As I said in my opening remarks, although the smart city is still more of an aspiration than a reality, many cities have initiated programs and projects. The European Union has smart city projects under the auspices of the European Digital Agenda, and there are similar initiatives in cities in North America, Asia, and the Middle East. According to Boyd Cohen, the top ten smart cities are Vienna, Toronto, Paris, New York, London, Tokyo, Berlin, Copenhagen, Hong Kong, and Barcelona. In North America, Boston, San Francisco, Seattle, and Vancouver are said to be leading the way.
I will describe projects from some of these cities in order to provide an insight into current thinking and priorities. Since 2011, Vienna has been setting ambitious targets for the management and consumption of energy, with a strong emphasis on reducing greenhouse gas emissions. Toronto is working with a Google company to create a community in the eastern waterfront that will use connected technology to provide self-driving vehicles and “climate-friendly energy systems”. In 2014, the Innovation Path of Paris was launched. This puts people at the heart of the initiative. It is looking for modernisation of the administration for better services and places great importance on ingenuity. Themes include better planning and transportation and more efficient resource consumption. Under the Ingenuity heading, resilience, revegetation and the circular economy get a mention. The authorities in Paris have recently attracted attention for their initiatives to promote urban greening (including the green roof law that turned out not to be a law). However it is not clear how the smart city agenda is being integrated with urban greening initiatives.

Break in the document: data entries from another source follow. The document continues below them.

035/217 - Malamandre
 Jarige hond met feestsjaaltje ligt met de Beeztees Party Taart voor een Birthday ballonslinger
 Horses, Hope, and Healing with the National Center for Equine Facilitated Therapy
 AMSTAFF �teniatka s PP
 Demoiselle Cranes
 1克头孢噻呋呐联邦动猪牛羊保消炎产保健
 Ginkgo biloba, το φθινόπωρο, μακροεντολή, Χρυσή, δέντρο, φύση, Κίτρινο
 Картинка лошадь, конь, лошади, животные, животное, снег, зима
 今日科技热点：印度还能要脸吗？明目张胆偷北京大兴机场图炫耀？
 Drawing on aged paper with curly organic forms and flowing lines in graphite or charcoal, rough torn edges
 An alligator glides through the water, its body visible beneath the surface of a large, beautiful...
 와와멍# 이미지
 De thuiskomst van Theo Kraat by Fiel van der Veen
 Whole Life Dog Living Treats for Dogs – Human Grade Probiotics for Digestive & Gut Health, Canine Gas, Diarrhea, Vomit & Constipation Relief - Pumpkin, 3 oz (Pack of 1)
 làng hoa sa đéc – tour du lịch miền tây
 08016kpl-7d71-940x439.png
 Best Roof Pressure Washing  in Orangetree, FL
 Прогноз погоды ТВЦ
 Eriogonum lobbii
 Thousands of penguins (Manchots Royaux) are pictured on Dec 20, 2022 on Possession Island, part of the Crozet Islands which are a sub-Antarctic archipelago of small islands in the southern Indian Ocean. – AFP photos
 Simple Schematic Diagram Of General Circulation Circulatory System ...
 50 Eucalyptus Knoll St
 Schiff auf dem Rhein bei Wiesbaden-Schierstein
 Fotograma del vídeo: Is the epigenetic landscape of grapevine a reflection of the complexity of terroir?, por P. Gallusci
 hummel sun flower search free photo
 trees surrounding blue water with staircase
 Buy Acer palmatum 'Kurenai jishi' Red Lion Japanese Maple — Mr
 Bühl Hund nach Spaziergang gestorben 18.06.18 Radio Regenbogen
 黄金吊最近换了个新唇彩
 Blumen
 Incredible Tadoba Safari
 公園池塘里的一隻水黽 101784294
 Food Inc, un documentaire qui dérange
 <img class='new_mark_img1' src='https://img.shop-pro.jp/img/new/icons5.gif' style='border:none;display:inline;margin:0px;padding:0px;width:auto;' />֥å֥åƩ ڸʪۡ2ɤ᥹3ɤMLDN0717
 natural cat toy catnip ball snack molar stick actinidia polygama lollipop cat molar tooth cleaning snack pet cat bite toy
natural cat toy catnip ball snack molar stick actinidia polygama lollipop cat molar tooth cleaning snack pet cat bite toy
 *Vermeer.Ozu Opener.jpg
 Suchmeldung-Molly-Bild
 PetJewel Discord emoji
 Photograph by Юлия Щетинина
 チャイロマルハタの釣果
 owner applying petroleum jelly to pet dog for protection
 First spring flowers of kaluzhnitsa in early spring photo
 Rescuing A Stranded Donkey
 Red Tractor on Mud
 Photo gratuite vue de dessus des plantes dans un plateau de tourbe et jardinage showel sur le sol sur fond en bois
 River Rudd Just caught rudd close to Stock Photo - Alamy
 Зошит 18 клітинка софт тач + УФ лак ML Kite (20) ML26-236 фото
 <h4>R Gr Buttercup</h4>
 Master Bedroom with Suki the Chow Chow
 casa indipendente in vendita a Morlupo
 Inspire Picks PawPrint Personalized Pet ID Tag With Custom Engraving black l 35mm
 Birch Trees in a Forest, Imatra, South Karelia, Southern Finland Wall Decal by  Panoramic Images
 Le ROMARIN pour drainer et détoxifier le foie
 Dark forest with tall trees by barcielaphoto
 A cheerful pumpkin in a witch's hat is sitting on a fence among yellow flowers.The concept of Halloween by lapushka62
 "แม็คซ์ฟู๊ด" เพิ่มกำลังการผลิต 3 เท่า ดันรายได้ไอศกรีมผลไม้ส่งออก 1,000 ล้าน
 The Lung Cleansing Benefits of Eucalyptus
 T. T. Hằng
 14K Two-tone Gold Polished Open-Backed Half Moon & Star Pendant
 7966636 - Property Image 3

In New York City, there has been much excitement over talking lamp posts. Street lamps send messages to smart phones. There is a serious aspect to this: ubiquitous street lamps, with their access to power, could become a useful way of bringing about a range of smart city projects.
London has a congestion-charging system which uses vehicle license plate recognition software. Police in the United Kingdom use the same technology to operate a nation-wide vehicle tracking system. The companies behind these vehicle-tracking operations are also active in developing the sensors and software for the smart city, working with Urban Systems Engineers at Imperial College and other institutions, who are looking for new opportunities to tackle urban problems. License-plate recognition is just the beginning – algorithms that allow computers to recognise things will become increasing important, speeding up the identification, mapping, and analysis of all kinds of objects, living and inert, static, and moving.
Tokyo, which will host the Olympic Games in 2020, has put energy security and efficiency and showcasing technology as the key objectives of its smart city program. One initiative involves the relocation of utilities below ground to allow more space for advertising, emergency information, hotspots and power outlets for pop-up businesses.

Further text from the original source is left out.